▶ _Requirement_
From the entries, copy each line that includes "Vector".

=== Task data ===

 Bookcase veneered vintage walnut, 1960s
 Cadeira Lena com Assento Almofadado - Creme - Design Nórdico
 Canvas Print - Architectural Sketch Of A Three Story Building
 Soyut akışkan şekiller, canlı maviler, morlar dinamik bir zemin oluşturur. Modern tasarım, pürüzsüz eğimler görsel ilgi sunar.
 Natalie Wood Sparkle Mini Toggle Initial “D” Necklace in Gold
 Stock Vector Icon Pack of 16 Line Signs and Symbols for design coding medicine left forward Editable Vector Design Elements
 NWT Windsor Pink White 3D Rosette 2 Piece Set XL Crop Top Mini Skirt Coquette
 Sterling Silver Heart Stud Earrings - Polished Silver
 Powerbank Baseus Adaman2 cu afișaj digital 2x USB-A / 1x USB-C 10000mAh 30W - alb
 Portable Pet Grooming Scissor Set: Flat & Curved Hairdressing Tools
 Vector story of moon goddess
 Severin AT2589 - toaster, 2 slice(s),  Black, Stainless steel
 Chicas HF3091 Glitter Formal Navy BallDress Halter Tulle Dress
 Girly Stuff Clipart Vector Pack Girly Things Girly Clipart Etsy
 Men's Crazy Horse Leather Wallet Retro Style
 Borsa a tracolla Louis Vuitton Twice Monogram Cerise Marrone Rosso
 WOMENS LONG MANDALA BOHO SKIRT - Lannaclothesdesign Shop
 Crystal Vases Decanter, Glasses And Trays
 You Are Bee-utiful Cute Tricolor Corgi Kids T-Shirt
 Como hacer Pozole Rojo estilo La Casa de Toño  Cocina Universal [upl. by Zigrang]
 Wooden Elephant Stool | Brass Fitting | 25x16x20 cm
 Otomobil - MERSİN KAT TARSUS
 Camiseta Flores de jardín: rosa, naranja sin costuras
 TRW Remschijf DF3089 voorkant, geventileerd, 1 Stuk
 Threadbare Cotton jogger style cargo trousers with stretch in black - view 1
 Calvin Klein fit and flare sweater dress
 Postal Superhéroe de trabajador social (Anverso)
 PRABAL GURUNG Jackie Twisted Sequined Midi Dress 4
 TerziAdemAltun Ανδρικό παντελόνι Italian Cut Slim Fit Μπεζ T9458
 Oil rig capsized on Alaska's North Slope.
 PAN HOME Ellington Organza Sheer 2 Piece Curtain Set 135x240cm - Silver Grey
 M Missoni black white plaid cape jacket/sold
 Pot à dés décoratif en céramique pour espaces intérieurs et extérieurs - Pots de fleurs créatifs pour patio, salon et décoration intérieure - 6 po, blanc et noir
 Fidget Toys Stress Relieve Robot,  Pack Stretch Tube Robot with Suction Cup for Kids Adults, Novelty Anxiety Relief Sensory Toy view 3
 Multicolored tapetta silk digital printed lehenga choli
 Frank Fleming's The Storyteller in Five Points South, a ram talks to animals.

===

▶ _Result below_
 Stock Vector Icon Pack of 16 Line Signs and Symbols for design coding medicine left forward Editable Vector Design Elements
 Vector story of moon goddess
 Girly Stuff Clipart Vector Pack Girly Things Girly Clipart Etsy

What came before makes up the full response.